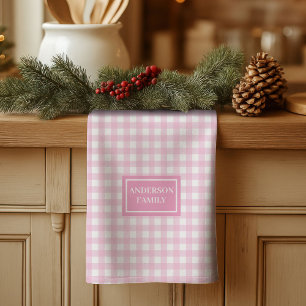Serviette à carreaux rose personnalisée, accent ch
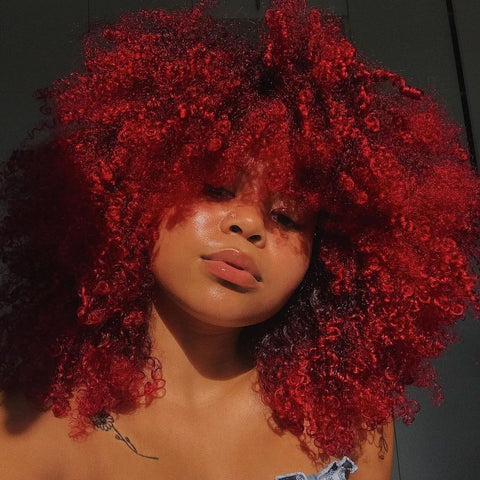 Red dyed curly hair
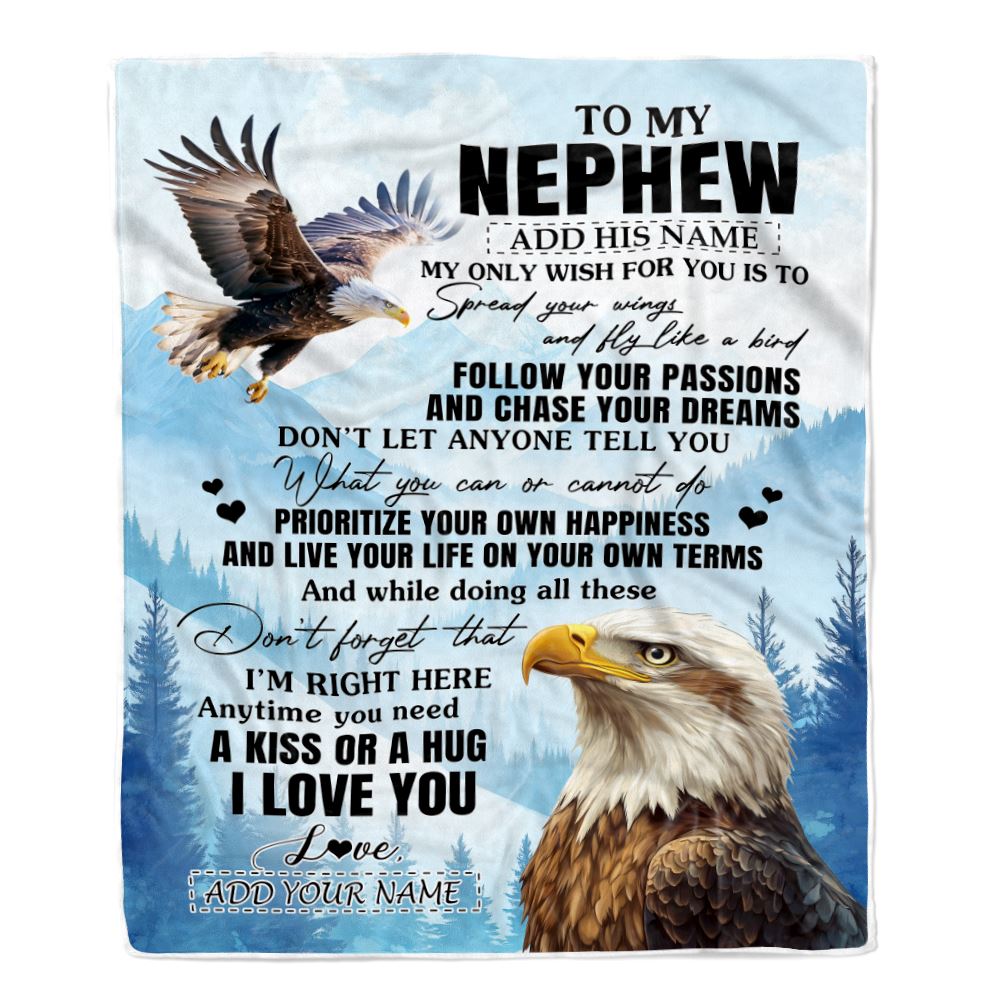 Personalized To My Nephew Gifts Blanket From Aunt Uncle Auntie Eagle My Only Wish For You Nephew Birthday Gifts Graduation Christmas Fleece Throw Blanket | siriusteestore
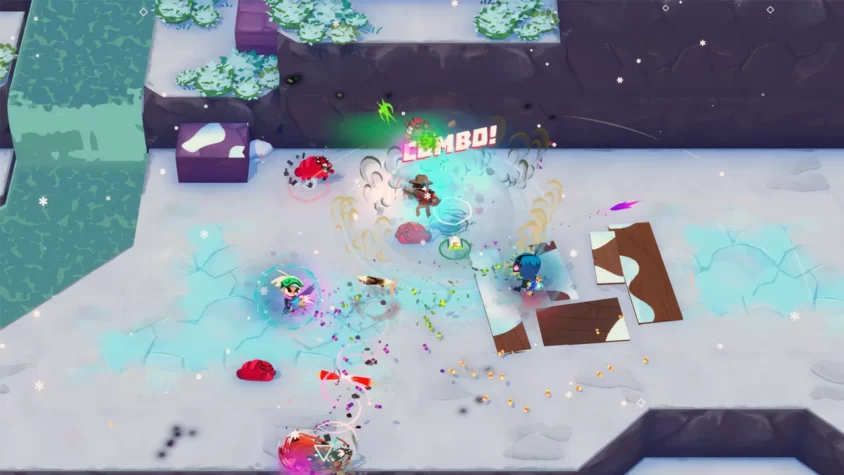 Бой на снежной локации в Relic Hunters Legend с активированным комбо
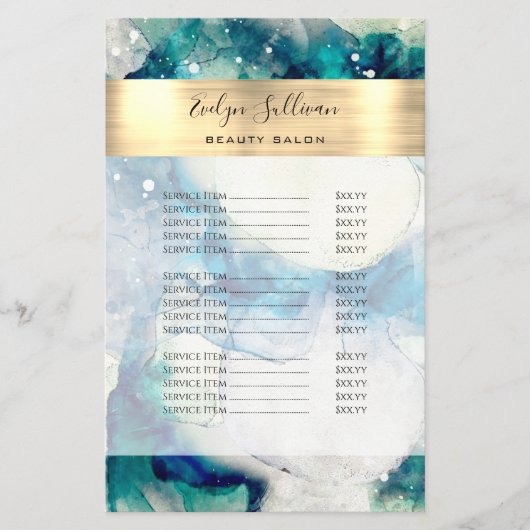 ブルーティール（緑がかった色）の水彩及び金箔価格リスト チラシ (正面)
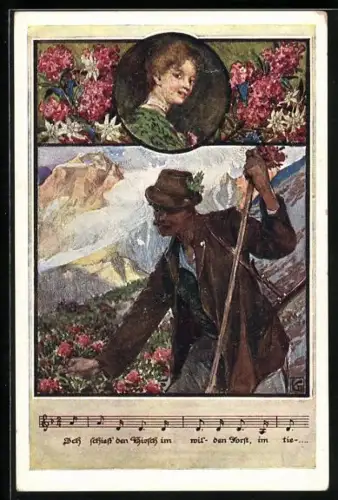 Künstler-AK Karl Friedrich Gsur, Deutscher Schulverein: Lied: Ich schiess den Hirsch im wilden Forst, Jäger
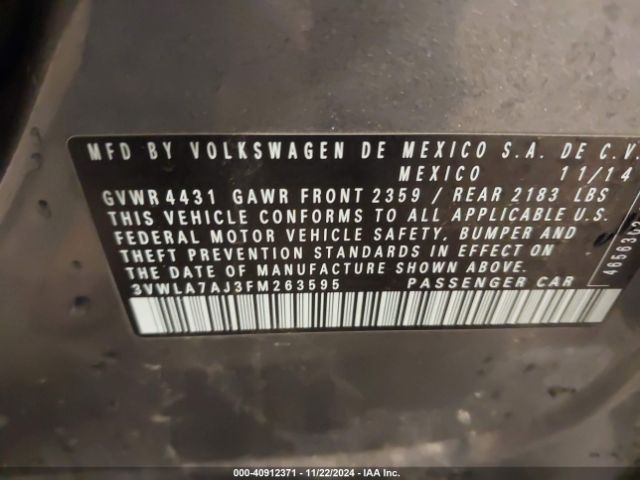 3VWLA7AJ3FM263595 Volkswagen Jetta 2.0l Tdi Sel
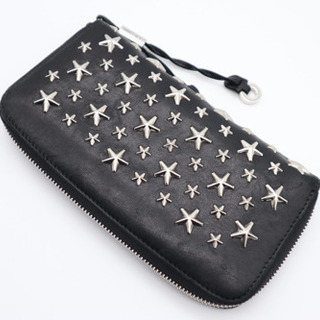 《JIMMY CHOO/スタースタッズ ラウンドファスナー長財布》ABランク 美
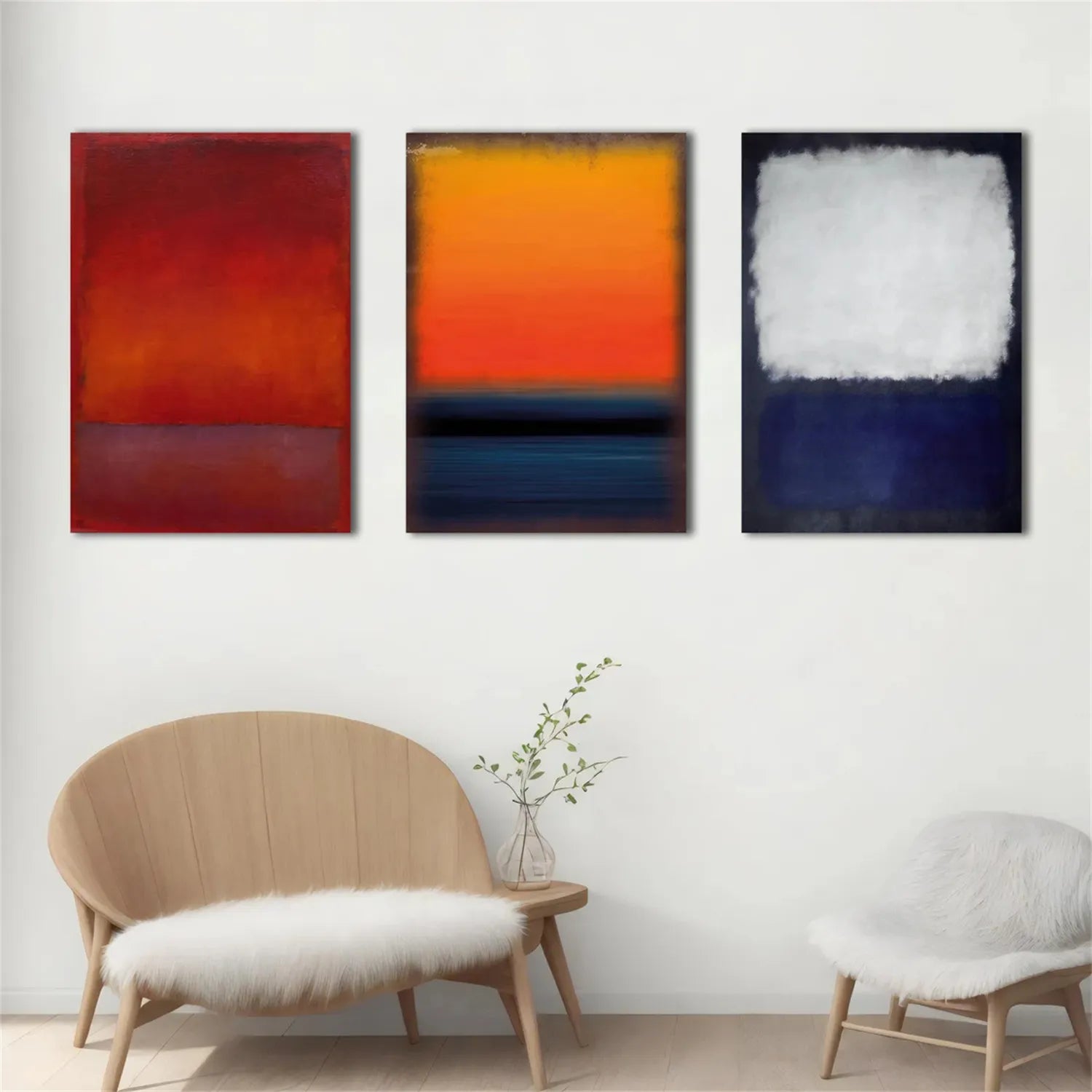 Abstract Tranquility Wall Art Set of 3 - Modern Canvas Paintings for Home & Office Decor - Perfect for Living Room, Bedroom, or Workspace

###

- _What to work on_:
In the data above, please extract the lines from the first one through the line with "ブルーティール（緑がかった色）の水彩及び金箔価格リスト チラシ (正面)", exactly, and keep pictures out.

- _Completed exercise_:
Serviette à carreaux rose personnalisée, accent ch
 Red dyed curly hair
 Personalized To My Nephew Gifts Blanket From Aunt Uncle Auntie Eagle My Only Wish For You Nephew Birthday Gifts Graduation Christmas Fleece Throw Blanket | siriusteestore
 Бой на снежной локации в Relic Hunters Legend с активированным комбо
 ブルーティール（緑がかった色）の水彩及び金箔価格リスト チラシ (正面)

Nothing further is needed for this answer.